By taking the balanced crop nutrition approach, our fertilizer regimes address the nutrient deficiencies in our soils and specific crop nutrient demand.
The traditional maize farmer practice recommends the use of DAP, NP 23-23-0 and CAN fertilizers, which supply only two nutrients (N and P) hence delivering yields of less than 1 tonne per Acre.
Whereas multi-nutrient fertilizers like Yara MiCROP provide up to 6 nutrients (N, P, K, Mg, S, and Zn) in different proportions that address the soil and crop needs, increasing the maize yields by up to 1.4 tonnes in an Acre.
The smallholder farmers who have adopted the MiCROP fertilizer like David Onyunde in Siaya county harvest over 22 bags of maize per Acre thus enabling him to be profitable and have progressed to be a private extension agent and retailer of inputs to his neighbors who are keen to follow on his footsteps.
On the other hand, commercial farmers using Yara premium solutions like Philip Ngetich and Florence Cheruiyot in Uasin Gishu county, harvest at least 38 bags of maize per Acre making their farming enterprises a thriving venture.
Both farmers are beneficiaries of Komool centre of excellence, one of the many Yara Knowledge centers across the country, that provides practical training to farmers on best practices throughout the season.
The annual maize deficit in Kenya ranges between 10 to 12 Million bags, this can be closed quickly by ramping up extension systems to address the knowledge gaps and the adoption of multi-nutrient fertilizers.
Where fertilizer regimes provide all the key nutrients to address soil deficiencies and crop needs to achieve the target yield potential.
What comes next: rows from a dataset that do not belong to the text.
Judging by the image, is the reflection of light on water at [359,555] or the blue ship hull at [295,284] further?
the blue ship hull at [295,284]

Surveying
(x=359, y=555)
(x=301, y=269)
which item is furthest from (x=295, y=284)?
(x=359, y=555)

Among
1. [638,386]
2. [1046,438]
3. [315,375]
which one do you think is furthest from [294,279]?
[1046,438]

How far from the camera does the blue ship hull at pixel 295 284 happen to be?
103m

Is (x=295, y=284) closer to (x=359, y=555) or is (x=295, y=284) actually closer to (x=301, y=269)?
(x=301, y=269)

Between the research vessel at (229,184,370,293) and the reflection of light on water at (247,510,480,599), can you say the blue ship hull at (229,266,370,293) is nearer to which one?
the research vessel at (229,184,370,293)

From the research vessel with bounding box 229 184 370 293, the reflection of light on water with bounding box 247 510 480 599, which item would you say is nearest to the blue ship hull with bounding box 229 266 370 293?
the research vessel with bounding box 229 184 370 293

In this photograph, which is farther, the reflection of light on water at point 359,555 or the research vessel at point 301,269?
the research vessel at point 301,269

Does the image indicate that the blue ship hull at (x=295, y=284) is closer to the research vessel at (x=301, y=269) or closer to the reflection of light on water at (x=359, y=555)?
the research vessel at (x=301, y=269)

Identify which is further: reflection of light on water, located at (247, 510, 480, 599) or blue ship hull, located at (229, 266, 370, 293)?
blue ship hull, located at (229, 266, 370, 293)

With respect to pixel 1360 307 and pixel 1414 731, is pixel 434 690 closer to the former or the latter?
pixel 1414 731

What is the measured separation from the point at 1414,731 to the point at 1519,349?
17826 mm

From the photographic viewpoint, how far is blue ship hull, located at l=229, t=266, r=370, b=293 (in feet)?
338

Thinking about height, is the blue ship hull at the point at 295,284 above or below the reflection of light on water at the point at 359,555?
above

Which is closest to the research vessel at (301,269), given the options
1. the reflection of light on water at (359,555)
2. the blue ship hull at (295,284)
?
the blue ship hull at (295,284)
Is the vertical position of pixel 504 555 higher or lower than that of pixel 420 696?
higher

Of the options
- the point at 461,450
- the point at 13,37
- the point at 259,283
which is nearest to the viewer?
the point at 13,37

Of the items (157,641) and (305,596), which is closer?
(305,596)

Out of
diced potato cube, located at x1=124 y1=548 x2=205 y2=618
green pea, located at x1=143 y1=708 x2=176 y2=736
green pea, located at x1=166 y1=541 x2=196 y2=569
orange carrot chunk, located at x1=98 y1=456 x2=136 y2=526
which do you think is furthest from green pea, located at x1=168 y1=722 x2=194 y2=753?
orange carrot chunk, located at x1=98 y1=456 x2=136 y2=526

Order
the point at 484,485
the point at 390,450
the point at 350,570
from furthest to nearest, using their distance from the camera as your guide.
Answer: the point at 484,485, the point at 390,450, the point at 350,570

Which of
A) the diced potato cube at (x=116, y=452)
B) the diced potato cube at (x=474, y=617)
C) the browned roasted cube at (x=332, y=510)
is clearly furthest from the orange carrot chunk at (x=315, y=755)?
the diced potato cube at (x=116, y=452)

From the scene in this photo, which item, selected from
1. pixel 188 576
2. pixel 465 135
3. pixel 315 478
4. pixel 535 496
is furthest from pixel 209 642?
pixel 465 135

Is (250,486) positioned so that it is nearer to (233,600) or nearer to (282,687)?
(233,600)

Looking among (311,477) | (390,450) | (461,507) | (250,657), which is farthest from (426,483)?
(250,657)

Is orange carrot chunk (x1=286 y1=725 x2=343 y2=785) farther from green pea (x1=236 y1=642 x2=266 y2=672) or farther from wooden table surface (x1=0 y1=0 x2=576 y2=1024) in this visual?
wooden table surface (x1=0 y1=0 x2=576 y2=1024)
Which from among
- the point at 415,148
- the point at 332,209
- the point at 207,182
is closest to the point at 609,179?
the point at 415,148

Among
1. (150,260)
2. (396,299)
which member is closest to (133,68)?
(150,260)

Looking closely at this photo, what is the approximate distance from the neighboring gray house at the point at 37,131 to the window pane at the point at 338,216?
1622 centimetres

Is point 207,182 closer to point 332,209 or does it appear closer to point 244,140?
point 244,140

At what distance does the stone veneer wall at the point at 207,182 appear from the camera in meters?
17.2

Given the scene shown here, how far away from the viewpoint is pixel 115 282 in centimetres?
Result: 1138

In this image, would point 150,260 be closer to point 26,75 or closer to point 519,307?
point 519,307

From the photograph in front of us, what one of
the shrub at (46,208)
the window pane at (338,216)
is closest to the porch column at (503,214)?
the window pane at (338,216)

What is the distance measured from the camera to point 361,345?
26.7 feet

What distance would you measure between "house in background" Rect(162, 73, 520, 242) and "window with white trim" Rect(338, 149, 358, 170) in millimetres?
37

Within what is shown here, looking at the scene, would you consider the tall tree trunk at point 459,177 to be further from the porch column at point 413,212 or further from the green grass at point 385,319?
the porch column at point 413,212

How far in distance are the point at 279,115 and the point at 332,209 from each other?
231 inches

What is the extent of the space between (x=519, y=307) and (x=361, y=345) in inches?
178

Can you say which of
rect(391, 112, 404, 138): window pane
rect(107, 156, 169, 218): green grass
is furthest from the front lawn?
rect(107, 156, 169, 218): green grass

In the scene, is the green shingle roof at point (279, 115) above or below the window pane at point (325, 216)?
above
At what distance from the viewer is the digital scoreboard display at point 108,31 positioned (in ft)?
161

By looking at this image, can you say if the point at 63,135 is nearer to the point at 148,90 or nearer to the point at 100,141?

Based on local research, it is indicative that focusing on improving farmer competence in crop husbandry, and proper use of quality inputs will significantly improve smallholder production levels.
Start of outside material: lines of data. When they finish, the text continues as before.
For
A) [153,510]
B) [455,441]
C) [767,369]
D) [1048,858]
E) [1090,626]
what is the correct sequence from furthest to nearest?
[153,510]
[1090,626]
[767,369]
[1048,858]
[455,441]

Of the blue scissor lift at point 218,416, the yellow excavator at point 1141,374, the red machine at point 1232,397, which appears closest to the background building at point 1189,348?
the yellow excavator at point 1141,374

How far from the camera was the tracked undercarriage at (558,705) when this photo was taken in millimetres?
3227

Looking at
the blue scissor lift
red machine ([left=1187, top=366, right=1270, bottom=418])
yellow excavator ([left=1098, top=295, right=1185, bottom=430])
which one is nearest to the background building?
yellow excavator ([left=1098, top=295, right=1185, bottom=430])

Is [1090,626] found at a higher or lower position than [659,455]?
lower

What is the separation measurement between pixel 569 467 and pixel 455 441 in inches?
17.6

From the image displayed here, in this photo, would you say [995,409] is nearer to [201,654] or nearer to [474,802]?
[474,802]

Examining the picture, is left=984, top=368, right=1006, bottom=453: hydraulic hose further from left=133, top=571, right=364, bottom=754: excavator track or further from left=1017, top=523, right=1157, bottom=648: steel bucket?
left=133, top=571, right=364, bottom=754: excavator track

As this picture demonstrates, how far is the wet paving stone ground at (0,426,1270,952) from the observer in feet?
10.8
To enhance access to knowledge and quality fertilizers for smallholder farmers, Yara East Africa has invested in various digital solutions to reach millions of farmers.
Through these platforms, farmers can predict weather patterns, apply the correct ratio of fertilizer, and manage pests and diseases. Moreso, we are engaging with more than 200 farmer cooperative societies across various value chains – including maize, potatoes, rice, tea, and coffee. Where we have established learning centers to conduct farmer training, onsite demonstrations, soil analysis, and specific fertilizer recommendations, that have resulted in higher productivity of food and cash crops.
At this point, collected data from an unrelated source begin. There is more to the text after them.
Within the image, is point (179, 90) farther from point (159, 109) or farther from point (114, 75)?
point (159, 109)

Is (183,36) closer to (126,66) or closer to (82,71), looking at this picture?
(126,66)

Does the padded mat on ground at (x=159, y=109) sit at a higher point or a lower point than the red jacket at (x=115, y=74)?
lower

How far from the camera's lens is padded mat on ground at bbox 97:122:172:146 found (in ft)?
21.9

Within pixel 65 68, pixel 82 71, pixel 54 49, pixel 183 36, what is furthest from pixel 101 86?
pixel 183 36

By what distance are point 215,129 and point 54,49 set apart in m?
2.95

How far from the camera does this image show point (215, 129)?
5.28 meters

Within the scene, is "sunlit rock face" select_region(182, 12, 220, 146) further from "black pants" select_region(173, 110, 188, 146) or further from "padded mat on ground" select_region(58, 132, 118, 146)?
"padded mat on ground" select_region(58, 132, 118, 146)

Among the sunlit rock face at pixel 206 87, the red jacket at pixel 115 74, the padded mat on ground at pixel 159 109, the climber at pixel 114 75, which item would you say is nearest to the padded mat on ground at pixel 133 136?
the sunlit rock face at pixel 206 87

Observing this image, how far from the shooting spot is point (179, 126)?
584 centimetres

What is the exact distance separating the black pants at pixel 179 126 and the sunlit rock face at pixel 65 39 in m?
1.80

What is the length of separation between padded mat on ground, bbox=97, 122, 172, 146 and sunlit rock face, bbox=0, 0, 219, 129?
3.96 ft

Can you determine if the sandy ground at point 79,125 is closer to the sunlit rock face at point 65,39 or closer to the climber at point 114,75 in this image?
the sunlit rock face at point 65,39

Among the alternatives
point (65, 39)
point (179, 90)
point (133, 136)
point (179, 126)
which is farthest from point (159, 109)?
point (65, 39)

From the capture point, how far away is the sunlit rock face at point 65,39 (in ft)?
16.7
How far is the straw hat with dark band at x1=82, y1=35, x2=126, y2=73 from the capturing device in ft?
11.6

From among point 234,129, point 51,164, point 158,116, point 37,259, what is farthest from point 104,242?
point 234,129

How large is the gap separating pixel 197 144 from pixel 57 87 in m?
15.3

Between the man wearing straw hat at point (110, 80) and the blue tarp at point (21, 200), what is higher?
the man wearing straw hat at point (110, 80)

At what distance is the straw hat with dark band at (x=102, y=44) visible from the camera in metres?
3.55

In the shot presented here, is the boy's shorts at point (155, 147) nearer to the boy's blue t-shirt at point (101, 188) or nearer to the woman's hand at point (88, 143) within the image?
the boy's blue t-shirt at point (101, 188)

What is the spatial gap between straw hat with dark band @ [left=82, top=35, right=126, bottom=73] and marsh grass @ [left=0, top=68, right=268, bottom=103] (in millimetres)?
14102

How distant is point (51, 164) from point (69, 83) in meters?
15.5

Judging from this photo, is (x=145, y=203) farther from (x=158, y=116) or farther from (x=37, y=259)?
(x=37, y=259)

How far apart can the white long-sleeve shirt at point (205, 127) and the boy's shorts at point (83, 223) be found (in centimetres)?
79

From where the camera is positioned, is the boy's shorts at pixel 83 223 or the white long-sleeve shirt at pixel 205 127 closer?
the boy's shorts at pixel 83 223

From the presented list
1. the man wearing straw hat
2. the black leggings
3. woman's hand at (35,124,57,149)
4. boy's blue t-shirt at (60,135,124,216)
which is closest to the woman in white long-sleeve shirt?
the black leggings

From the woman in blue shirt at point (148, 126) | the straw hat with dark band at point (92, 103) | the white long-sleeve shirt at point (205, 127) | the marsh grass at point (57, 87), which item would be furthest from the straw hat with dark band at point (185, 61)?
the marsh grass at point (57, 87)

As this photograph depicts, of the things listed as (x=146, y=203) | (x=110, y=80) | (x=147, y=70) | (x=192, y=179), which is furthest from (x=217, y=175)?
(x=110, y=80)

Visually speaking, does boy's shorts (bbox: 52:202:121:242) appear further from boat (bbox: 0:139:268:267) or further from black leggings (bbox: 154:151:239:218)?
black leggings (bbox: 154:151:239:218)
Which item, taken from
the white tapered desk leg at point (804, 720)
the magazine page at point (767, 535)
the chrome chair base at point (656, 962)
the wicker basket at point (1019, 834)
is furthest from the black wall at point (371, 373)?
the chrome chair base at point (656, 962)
The area under maize crop in Kenya, is about 2 million Hectares. We need to utilize solutions that will increase maize production within this area, to avoid further destruction of forests and natural habitats.
By taking a balanced nutrition approach and applying it to 30% of the current maize cropped area, which will increase yields by 1 Ton in every acre, the additional yield output from this focus acreage shall be 16 million bags thus closing the yield gap.
The government’s proposal of attaining food security and mitigating the adverse effects of climate change through the paradigm shift from rain-fed agriculture to irrigated agricultural production is a key step towards assuring sustainable crop production in the long term. This will enable farmers to produce food all year round, thus providing economic resilience.
These key factors impeding the attainment of food security in our country will require the forging of private-public partnerships to accelerate the implementation of viable solutions in the areas of extension and balanced crop nutrition, amidst the threats of climate change.
Therefore, it’s imperative for the government and private sector to work together in all efforts, if the dream of closing the food security gap is to be fulfilled.
William K. Ngeno is the Country Manager at Yara E.A Ltd
Yara E.A is a subsidiary of Yara International ASA.